Koufax pitched with grace, consistency and excellence. And by all accounts, handled himself the same way off the field. Handsome, almost regal, you simply could not take your eyes off of him as he pitched. He was the first major league pitcher to hurl four no-hit games, including, in 1965, a perfect game -- no runs, no hits, no walks, no errors. Twenty-seven batters up, and 27 batters down, a feat pulled off only 17 times in the major leagues since 1880.
The Dodgers played the Baltimore Orioles in the 1966 World Series, defying the odds-makers by losing in four straight. Koufax battled arm problems throughout his career, though in 1966 he went 27-9 with a 1.73 ERA. But by the time of the World Series, Koufax simply ran out of gas.

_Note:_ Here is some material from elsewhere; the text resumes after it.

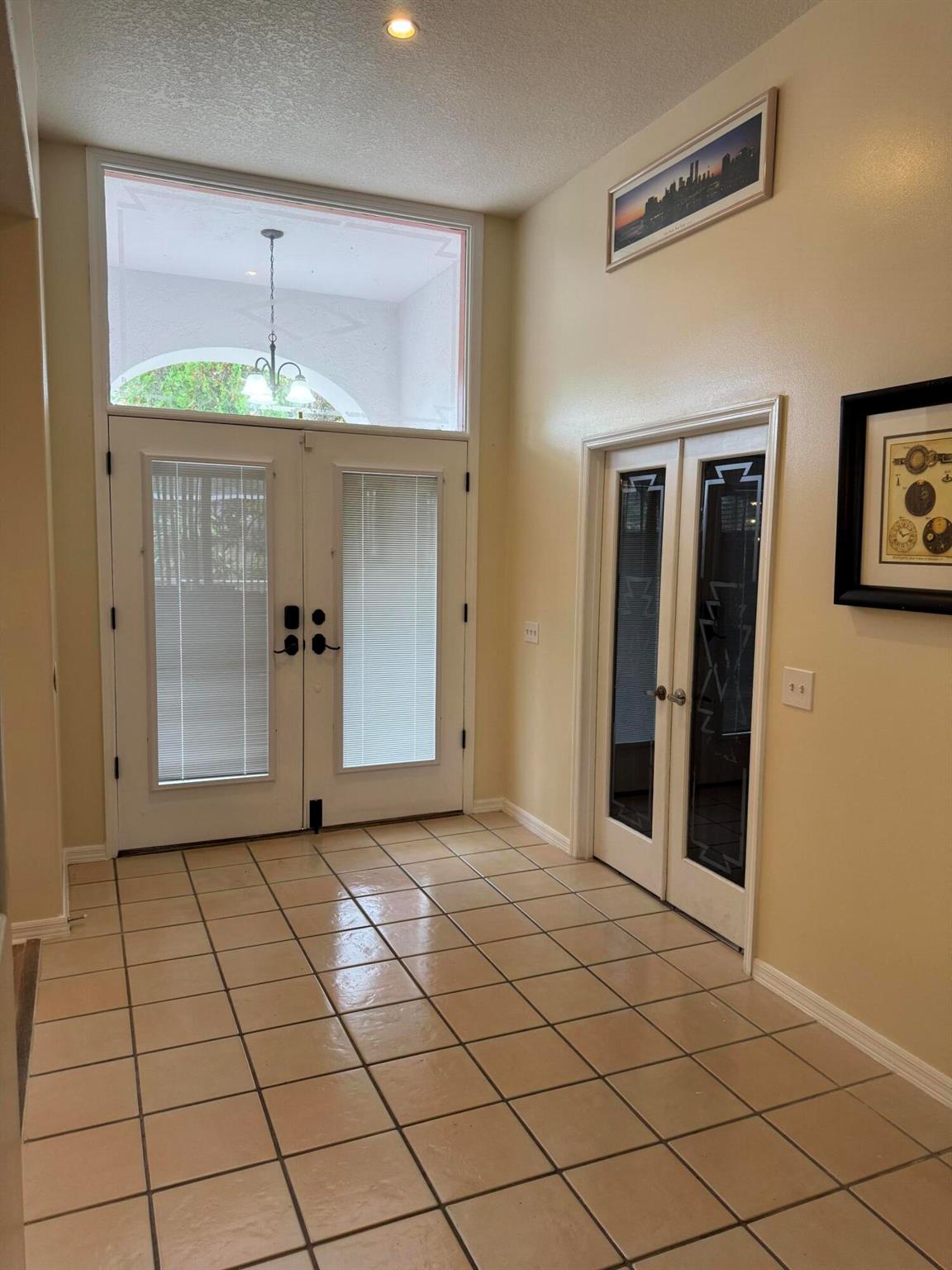 PORT ST LUCIE SECTION 13 - Residential Lease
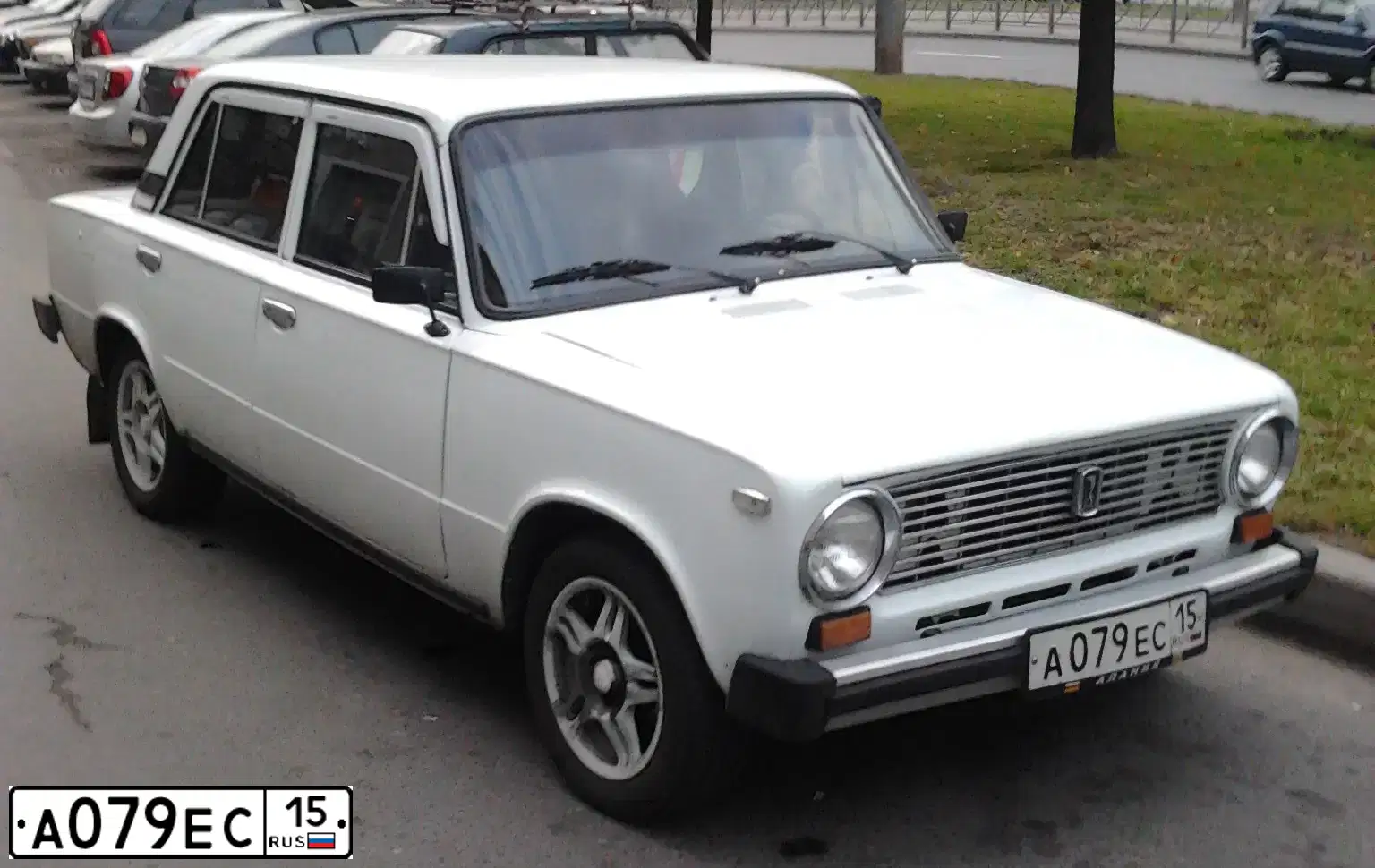 Фото автомобиля LADA 2101, 1984 — госномер А079ЕС15. Цвет: Белый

After the Dodgers' 1966 World Series defeat, I picked up the local newspaper and read the shocking headline -- Koufax To Retire. At age 31, the prince walked off the mound, never to return. I cried for two days.
Now, 40 years later, Koufax and I actually occupied the same space in the same hotel ballroom! I asked renowned Hollywood publicist Warren Cowan, seated at my table, "Is there anyway you can find Sandy Koufax, and ask him if I can go over to his table and shake his hand?"
Cowan left for a few minutes, then he came back and tapped my shoulder, "Done." We grabbed a photographer and approached Koufax's table. The Pitcher stood up. I told him the story of my poem, reciting the first stanza. "Mr. Koufax," I said, "you inspired me as a child, through your class, dignity, consistency, excellence and humility. And you inspire me to this day. It is an honor to shake your hand." He smiled and agreed to take a picture with me.
Oh, by the way, former Vice President Al Gore gave the keynote speech. I barely remember a word he said.